それにアイツが留守の時、アイツが持ってる靴を玄関先に全部並べてやったんだ。
玄関の扉を開けるなり、すっごい悲鳴をあげてたなぁ。
ヒッヒッヒッヒッ。
くぅ! かいか~ん♪
もちろん、パパには送信してるよ。
どんなレスポンスがあるのかは知らないけどね。
で、ボクは芙柚にこの輝かしい戦果を自慢気に話したんだ。
そしたら芙柚のヤツ……。
『お前……。まだそんな事やってんの? 馬っ鹿じゃねぇ? 人生無駄遣いしてんじゃねぇよ』
って言って、片眉をすっと上げてソッポ向いたんだ。
なんでだよ! この前は一緒に笑ってたじゃんか!
ボクはすっごく褒められた気分になってたのに……。
今更、手のひら返すようなこと言うなよ!
学校の帰り道に芙柚のツンとした顔を思い出した瞬間、ムカムカしてその辺にあった石ころを蹴飛ばした。
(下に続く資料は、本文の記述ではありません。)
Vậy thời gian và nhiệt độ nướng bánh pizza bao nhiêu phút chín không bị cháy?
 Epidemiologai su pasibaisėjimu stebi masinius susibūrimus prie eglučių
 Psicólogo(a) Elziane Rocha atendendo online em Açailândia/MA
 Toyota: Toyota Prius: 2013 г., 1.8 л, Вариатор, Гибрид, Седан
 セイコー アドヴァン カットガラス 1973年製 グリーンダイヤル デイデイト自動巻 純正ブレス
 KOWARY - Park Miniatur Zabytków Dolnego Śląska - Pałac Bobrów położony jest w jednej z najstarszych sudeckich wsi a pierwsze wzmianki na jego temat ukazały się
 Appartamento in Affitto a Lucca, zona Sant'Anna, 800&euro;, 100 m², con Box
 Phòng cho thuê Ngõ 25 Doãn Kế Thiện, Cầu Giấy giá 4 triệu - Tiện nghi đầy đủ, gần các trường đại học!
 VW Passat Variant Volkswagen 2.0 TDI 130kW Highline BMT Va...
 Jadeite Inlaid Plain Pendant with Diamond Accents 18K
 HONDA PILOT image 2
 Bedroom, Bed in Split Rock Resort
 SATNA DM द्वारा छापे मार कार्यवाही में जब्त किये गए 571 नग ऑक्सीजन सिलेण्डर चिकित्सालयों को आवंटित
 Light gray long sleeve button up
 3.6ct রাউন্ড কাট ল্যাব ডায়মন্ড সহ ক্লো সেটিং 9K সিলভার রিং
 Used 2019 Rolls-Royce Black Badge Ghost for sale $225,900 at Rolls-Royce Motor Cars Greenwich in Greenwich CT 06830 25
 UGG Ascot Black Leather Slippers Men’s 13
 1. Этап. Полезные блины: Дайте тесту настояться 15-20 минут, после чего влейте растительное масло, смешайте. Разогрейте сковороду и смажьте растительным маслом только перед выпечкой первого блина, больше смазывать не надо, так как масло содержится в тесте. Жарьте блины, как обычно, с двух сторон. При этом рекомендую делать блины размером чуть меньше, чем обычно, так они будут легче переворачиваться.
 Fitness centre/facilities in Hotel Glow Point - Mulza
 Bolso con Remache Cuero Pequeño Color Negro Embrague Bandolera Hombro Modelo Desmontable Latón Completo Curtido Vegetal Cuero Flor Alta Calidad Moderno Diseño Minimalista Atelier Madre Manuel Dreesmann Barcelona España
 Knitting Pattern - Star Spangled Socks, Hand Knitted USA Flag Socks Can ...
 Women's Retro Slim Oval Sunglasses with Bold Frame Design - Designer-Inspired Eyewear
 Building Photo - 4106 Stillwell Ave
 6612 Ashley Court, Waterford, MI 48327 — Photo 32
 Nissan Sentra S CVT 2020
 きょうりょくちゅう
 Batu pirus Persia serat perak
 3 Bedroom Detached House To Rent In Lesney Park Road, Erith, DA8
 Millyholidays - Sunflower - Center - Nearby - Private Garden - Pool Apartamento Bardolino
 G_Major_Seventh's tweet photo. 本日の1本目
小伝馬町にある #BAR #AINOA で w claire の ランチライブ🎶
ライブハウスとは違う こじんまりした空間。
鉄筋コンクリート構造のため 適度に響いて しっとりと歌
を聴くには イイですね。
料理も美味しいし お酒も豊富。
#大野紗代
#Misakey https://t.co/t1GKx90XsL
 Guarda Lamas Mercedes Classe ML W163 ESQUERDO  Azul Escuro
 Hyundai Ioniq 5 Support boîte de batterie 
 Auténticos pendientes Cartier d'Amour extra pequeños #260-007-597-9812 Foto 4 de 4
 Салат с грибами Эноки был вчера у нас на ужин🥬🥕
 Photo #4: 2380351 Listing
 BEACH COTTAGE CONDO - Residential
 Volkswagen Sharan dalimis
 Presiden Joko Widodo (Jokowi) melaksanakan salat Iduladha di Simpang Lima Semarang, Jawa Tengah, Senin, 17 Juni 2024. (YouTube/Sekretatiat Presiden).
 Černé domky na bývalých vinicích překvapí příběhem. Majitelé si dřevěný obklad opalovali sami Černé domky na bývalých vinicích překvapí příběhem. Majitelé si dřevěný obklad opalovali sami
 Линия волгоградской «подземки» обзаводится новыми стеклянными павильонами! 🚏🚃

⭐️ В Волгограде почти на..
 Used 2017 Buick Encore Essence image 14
蹴飛ばした石ころは思ったより遠くまで転がっていった。
その先にふと……。
赤く染まった夕焼けの中にその人は立っていた。
顔を上げ公園の木々の紅葉に見入っているようだった。
不意に吹いた風が彼女の髪を舞い上がらせた瞬間、胸が高鳴った。
懐かしくも美しい顔。
乱れた髪を耳に掛ける仕草……。
そして彼女はボクに気付くと、にっこり笑った。